Yoshida Masaki, Ikeda Makoto, Nawata Shigeki, Nagai Shinji, Kubono Shinichi, Uno Takashi, Maeda Shotaro
Department of Urology, Sakurajyuji Hospital, Kumamoto, JPN.
Medical Affairs, Kyorin Pharmaceutical Co. Ltd., Tokyo, JPN.
Cureus. 2024 Oct 8;16(10):e71106. doi: 10.7759/cureus.71106. eCollection 2024 Oct.

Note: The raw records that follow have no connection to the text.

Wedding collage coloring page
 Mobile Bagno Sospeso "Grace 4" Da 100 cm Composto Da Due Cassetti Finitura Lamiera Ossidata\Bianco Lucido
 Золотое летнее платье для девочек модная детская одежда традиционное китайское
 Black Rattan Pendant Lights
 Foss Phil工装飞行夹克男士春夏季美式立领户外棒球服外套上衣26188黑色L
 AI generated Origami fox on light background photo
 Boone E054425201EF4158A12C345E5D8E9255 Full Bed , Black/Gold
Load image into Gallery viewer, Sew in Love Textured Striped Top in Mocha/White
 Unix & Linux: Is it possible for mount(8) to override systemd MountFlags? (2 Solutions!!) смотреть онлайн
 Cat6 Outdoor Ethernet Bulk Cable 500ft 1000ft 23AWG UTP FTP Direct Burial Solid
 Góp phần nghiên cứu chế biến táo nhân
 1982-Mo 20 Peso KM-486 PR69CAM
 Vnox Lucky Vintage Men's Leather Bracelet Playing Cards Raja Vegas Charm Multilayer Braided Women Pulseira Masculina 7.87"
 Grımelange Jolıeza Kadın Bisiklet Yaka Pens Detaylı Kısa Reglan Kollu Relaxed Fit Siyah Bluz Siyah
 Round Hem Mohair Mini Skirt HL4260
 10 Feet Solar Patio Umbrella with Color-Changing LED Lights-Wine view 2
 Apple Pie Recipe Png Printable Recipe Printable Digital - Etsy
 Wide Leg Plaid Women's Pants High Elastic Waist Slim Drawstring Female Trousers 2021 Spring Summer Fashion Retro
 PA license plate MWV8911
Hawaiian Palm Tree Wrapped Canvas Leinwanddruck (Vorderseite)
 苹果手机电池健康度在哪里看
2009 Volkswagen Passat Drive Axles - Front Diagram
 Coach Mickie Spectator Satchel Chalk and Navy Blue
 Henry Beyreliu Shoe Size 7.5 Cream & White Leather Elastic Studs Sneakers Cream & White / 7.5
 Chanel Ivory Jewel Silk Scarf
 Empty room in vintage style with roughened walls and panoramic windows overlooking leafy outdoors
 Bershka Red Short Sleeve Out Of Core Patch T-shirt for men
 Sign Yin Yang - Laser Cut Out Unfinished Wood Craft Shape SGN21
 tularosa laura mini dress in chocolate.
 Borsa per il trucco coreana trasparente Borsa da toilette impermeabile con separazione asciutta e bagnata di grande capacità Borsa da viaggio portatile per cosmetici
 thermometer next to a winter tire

Objective To compare the efficacy of vibegron for urgency urinary incontinence (UUI) and mixed urinary incontinence (MUI) in patients with overactive bladder (OAB). Methods We performed a post hoc analysis of a phase 3 study of vibegron in Japanese patients with OAB. Based on the patterns recorded in the three-day bladder diary, only female patients were categorized into UUI and MUI populations. The primary endpoint was the change in the mean micturition number per 24 hours from baseline to week 12. Other endpoints included the mean changes in urgency episodes per 24 hours, incontinence episodes per 24 hours, voided volume per micturition, and the number of nocturia episodes per night. The proportion of urinary incontinence (UI) normalization, quality of life (QOL) as measured by the King's Health Questionnaire (KHQ), and patient satisfaction level as assessed by the Patient Global Impression (PGI) were investigated. Result Data from a UUI population (vibegron 50 mg, n = 237; vibegron 100 mg, n = 231; placebo, n = 237) and an MUI population (vibegron 50 mg, n = 70; vibegron 100 mg, n = 77; placebo, n = 78) were analyzed. Vibegron 50 mg and 100 mg significantly improved the change in micturition number per 24 hours from baseline to week 12. Compared to those of patients receiving a placebo, all other endpoints of urinary parameters were significantly improved in patients receiving vibegron, except for nocturia in the vibegron 50 mg group in both populations. In the vibegron 50 mg, vibegron 100 mg, and placebo groups, the proportions of those who attained normalization of UI were stratified by the UUI (51.5%, 57.6%, and 44.7%, respectively) and MUI (40.0%, 41.6%, and 20.5%, respectively) populations. Furthermore, both vibegron doses improved KHQ scores in both populations, and PGI improvement was significantly higher than that in the placebo group in both populations. Conclusion This post hoc analysis demonstrated that vibegron has equivalent efficacy and safety in the MUI and UUI populations. The results of this study provide important information for the treatment of MUI.
目的 比较维贝格隆治疗膀胱过度活动症(OAB)患者急迫性尿失禁(UUI)和混合性尿失禁(MUI)的疗效。方法 我们对维贝格隆在日本OAB患者中进行的3期研究进行了事后分析。根据三天膀胱日记记录的模式,仅将女性患者分为UUI和MUI人群。主要终点是从基线到第12周每24小时平均排尿次数的变化。其他终点包括每24小时尿急发作次数、每24小时尿失禁发作次数、每次排尿的尿量以及每晚夜尿次数的平均变化。研究了尿失禁(UI)恢复正常的比例、通过国王健康问卷(KHQ)测量的生活质量(QOL)以及通过患者整体印象(PGI)评估的患者满意度水平。结果 分析了UUI人群(维贝格隆50 mg,n = 237;维贝格隆100 mg,n = 231;安慰剂,n = 237)和MUI人群(维贝格隆50 mg,n = 70;维贝格隆100 mg,n = 77;安慰剂,n = 78)的数据。维贝格隆50 mg和100 mg显著改善了从基线到第12周每24小时排尿次数的变化。与接受安慰剂的患者相比,接受维贝格隆的患者除了两个群体中维贝格隆50 mg组的夜尿外,所有其他尿液参数终点均有显著改善。在维贝格隆50 mg、维贝格隆100 mg和安慰剂组中,UI恢复正常的比例按UUI人群(分别为51.5%、57.6%和44.7%)和MUI人群(分别为40.0%、41.6%和20.5%)分层。此外,两种维贝格隆剂量均改善了两个群体的KHQ评分,并且两个群体中PGI的改善均显著高于安慰剂组。结论 这项事后分析表明,维贝格隆在MUI和UUI人群中具有同等的疗效和安全性。本研究结果为MUI的治疗提供了重要信息。